John Tice wrote:
I am always amazed to hear how much gets through on corporate systems.
My wife works in a corporate office with a dedicated IT department and
she says 60-70% of their total received is spam. I would think that
number to be intolerable. For instance, I have a VPS and host about a
dozen sites for small companies and non-profits and I am able to keep
the received percentage below 10% using only spamassassin (catching
99+ percent). On three personal accounts (well known to spammers) I
get a couple thousand spams per week. In the past week I've had two
spams get through and one false positive. And the FP almost doesn't
count because was borderline spammy and had a forged rcvd. I guess if
you must have zero FP for a diverse group then you naturally have to
give vermin a lot latitude, but I'd be cracking on the IT department
pretty hard.
The biggest problem is that if I really turn the screws on what would
hit spam, but not ham - I end up hammering a lot of people that deal
with the US government and shipping in general.

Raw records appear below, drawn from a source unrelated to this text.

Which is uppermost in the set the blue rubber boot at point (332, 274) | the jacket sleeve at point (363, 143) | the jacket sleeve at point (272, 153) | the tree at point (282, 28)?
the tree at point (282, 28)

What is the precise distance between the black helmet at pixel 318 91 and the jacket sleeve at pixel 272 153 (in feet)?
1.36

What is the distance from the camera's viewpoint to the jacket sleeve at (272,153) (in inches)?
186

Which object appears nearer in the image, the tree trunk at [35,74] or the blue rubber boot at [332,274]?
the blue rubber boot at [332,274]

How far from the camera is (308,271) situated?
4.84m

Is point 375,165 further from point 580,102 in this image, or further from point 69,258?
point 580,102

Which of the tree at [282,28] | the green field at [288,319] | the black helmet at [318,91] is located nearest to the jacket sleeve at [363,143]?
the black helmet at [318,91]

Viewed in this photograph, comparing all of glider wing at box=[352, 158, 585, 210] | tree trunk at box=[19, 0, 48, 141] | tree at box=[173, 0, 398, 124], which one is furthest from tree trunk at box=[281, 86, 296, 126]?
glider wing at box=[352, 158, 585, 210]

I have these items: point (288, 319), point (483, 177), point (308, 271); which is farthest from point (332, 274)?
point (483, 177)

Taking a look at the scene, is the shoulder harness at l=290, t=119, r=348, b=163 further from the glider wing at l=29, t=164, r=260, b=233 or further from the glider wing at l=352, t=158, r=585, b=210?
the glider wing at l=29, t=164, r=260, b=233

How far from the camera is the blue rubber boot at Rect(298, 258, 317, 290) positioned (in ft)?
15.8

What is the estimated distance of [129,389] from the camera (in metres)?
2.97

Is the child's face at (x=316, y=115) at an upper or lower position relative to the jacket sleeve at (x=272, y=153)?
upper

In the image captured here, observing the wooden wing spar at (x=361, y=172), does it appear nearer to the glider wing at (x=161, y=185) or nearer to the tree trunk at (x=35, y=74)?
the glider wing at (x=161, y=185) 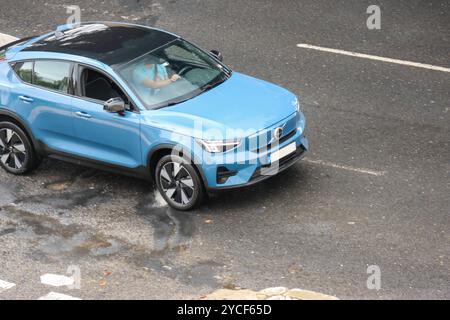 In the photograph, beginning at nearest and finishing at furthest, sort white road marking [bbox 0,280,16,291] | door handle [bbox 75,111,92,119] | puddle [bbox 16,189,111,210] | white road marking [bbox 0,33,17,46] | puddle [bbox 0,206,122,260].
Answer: white road marking [bbox 0,280,16,291] → puddle [bbox 0,206,122,260] → door handle [bbox 75,111,92,119] → puddle [bbox 16,189,111,210] → white road marking [bbox 0,33,17,46]

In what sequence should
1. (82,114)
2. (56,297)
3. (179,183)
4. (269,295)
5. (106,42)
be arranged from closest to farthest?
(269,295)
(56,297)
(179,183)
(82,114)
(106,42)

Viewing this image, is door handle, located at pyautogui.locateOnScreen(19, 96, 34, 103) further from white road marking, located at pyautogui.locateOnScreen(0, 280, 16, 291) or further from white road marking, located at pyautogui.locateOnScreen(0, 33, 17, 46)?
white road marking, located at pyautogui.locateOnScreen(0, 33, 17, 46)

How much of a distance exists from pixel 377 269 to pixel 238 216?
1.95 meters

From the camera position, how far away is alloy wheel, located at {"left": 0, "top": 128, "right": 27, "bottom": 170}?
11828 millimetres

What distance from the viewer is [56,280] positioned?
9.48 metres

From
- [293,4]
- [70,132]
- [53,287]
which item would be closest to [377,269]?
[53,287]

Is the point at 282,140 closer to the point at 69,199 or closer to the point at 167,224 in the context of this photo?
the point at 167,224

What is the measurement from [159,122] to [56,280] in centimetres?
222

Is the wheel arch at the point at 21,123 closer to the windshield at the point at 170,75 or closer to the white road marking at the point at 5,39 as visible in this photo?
the windshield at the point at 170,75

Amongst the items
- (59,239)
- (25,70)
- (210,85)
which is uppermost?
(25,70)

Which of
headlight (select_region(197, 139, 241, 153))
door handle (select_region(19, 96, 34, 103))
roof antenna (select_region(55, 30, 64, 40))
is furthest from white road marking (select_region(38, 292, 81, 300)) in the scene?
roof antenna (select_region(55, 30, 64, 40))

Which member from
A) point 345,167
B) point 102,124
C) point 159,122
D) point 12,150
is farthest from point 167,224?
point 12,150

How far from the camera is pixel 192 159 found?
1041cm

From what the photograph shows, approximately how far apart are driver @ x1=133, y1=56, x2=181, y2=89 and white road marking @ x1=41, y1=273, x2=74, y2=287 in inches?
102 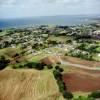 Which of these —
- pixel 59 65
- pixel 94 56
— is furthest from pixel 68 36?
pixel 59 65

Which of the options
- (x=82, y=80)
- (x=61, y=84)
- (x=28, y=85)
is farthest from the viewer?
(x=82, y=80)

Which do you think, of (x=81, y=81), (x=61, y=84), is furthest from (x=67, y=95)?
(x=81, y=81)

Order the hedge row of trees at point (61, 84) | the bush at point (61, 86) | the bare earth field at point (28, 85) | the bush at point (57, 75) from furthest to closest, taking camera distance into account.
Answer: the bush at point (57, 75)
the bush at point (61, 86)
the bare earth field at point (28, 85)
the hedge row of trees at point (61, 84)

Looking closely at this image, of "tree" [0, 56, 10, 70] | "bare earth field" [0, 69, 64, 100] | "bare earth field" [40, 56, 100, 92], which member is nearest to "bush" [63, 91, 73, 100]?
"bare earth field" [0, 69, 64, 100]

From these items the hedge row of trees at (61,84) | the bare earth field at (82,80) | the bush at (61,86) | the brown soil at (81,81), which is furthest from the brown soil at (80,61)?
the bush at (61,86)

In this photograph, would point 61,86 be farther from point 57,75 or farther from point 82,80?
point 82,80

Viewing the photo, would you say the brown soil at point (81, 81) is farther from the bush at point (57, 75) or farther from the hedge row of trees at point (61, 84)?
the hedge row of trees at point (61, 84)

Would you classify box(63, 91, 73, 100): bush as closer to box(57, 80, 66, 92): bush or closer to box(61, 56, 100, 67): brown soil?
box(57, 80, 66, 92): bush

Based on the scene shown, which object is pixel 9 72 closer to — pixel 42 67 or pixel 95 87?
pixel 42 67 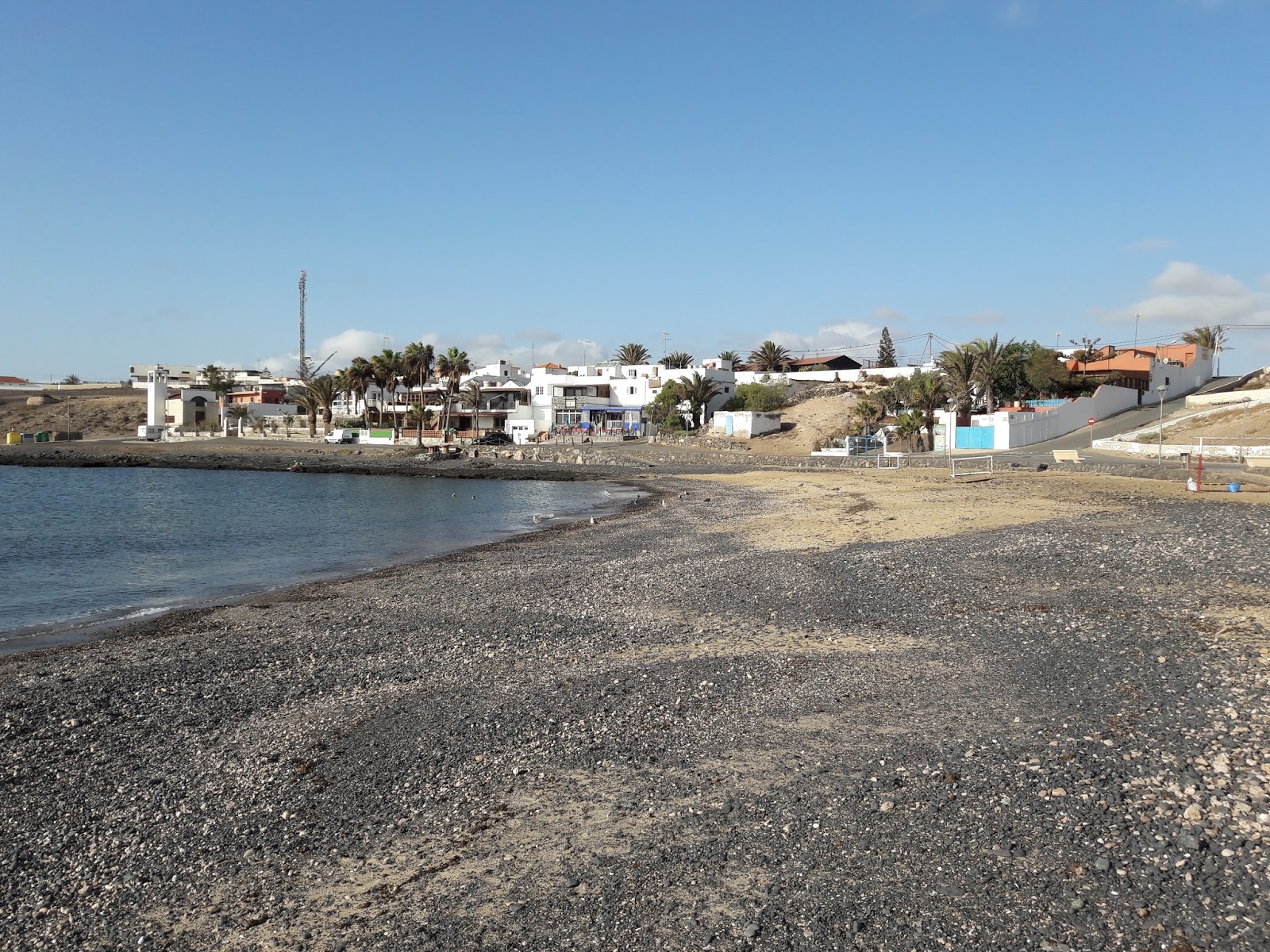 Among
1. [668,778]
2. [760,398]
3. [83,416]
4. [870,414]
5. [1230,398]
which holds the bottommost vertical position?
[668,778]

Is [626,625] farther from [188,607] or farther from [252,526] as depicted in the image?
[252,526]

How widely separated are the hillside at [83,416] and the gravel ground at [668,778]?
453ft

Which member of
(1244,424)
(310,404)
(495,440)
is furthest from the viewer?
(310,404)

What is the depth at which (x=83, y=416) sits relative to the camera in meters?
143

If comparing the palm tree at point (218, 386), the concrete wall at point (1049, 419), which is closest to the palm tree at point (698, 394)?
the concrete wall at point (1049, 419)

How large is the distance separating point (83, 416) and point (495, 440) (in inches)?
3525

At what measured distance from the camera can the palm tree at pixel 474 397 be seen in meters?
104

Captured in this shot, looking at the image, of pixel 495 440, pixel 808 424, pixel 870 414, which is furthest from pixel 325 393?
pixel 870 414

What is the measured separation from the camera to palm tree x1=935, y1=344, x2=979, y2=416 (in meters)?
64.9

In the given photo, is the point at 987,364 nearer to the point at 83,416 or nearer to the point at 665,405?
the point at 665,405

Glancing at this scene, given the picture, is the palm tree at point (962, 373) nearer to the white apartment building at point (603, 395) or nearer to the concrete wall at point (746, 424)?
the concrete wall at point (746, 424)

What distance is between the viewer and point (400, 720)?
413 inches

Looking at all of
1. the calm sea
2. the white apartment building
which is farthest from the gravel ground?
the white apartment building

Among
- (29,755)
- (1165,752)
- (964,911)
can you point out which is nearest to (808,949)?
(964,911) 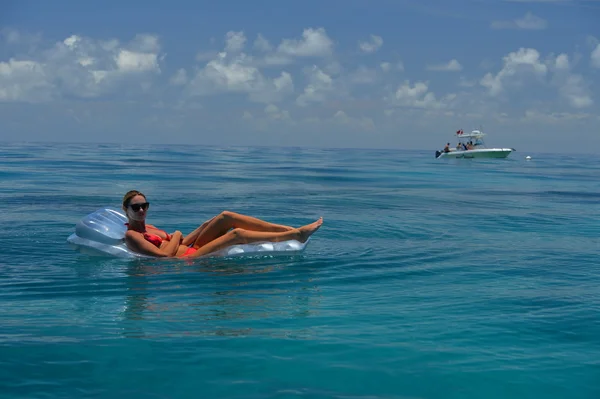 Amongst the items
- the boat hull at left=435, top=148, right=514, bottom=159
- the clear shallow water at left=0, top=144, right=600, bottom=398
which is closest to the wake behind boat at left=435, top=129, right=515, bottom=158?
the boat hull at left=435, top=148, right=514, bottom=159

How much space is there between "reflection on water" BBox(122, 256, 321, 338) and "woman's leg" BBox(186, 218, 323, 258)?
0.22 metres

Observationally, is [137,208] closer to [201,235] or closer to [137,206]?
[137,206]

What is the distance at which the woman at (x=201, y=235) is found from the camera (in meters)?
9.68

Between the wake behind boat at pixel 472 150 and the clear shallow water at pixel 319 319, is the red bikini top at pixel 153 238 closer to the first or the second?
the clear shallow water at pixel 319 319

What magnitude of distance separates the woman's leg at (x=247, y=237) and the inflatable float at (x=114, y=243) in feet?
0.22

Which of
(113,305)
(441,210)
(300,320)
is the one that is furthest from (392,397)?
(441,210)

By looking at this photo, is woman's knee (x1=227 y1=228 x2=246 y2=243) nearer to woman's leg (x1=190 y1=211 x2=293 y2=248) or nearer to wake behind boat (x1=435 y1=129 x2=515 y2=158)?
woman's leg (x1=190 y1=211 x2=293 y2=248)

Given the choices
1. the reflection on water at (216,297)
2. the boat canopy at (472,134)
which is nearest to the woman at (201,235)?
the reflection on water at (216,297)

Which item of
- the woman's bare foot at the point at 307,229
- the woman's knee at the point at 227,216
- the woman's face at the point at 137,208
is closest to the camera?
the woman's face at the point at 137,208

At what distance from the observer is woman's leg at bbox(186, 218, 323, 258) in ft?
32.7

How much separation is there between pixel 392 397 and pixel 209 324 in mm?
2347

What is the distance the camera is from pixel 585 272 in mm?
10133

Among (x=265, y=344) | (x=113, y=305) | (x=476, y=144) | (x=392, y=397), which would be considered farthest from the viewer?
(x=476, y=144)

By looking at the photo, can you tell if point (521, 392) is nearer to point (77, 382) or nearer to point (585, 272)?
point (77, 382) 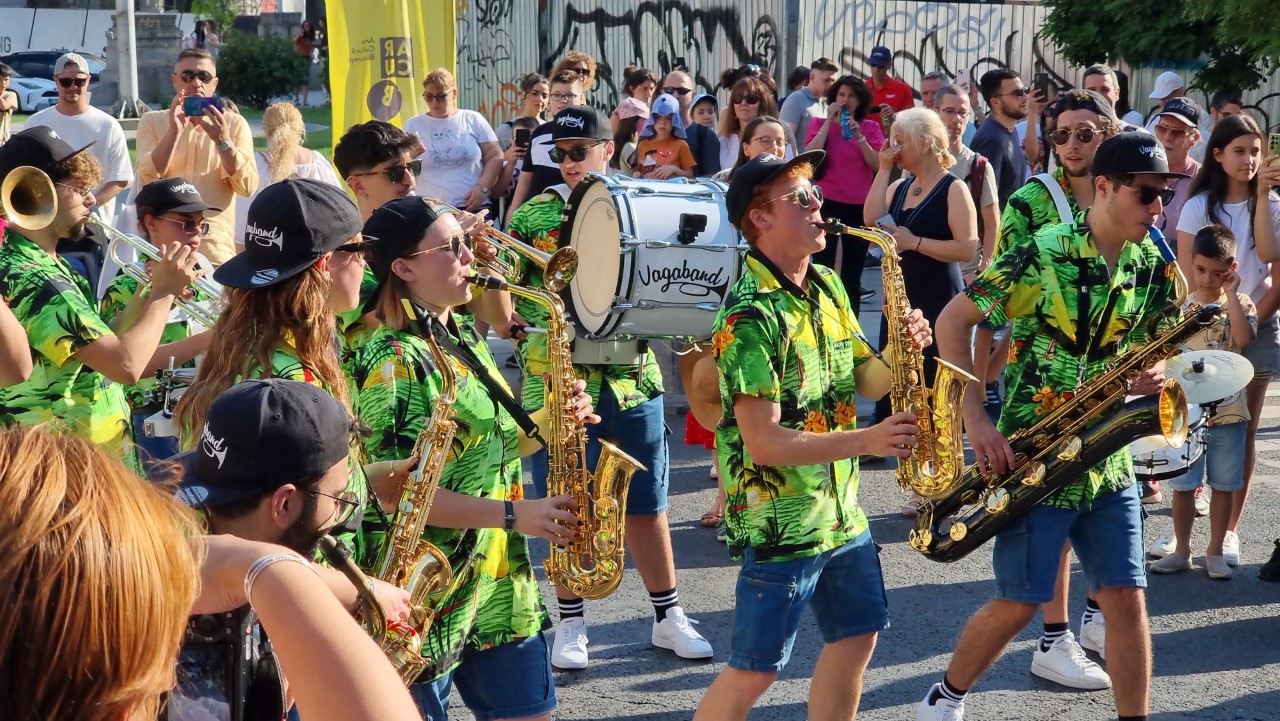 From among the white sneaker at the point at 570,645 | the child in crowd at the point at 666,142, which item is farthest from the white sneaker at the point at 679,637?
the child in crowd at the point at 666,142

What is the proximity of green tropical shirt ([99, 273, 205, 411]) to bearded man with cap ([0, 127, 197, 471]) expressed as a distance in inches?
32.0

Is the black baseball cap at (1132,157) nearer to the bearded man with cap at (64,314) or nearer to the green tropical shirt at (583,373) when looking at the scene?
the green tropical shirt at (583,373)

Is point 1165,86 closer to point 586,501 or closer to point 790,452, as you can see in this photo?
point 790,452

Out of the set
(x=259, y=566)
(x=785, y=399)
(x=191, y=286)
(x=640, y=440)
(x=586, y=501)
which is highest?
(x=259, y=566)

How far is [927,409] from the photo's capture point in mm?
4016

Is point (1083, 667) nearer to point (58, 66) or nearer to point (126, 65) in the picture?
point (58, 66)

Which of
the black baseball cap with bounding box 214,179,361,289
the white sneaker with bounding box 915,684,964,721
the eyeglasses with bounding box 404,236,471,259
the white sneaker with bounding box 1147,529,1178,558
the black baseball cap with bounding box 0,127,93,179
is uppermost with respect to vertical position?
the black baseball cap with bounding box 0,127,93,179

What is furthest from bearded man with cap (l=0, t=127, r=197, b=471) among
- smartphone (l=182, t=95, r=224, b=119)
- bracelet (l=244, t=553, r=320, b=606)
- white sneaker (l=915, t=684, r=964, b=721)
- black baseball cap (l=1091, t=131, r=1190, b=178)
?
smartphone (l=182, t=95, r=224, b=119)

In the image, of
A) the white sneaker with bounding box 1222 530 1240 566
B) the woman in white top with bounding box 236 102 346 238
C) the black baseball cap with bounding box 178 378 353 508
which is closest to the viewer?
the black baseball cap with bounding box 178 378 353 508

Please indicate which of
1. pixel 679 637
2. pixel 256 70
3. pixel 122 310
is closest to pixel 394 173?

Customs brokers, freight forwarders, shipping lines, and similar all
have to deal with US Customs. The emails that fly back and forth (and
there can be thousands of them, just as notifications for tracking) are
almost all CAPS LOCK ON. The people haven't figured out that all caps is
harder to read than lower case.
I've just recently managed to make a lot of them straight ASCII text,
rather than html mail, and getting them to break loose from Outlook
composed 'Word Mail' was a pain.
I also don't have quite enough time (or get paid specifically for it) to
spend three to six days a month doing nothing but adjusting spam filters
for 30+ machines. What I do is enough for most of my customers,
especially since I do it more as an adjunct to my main service business
- I don't make money off of hosting.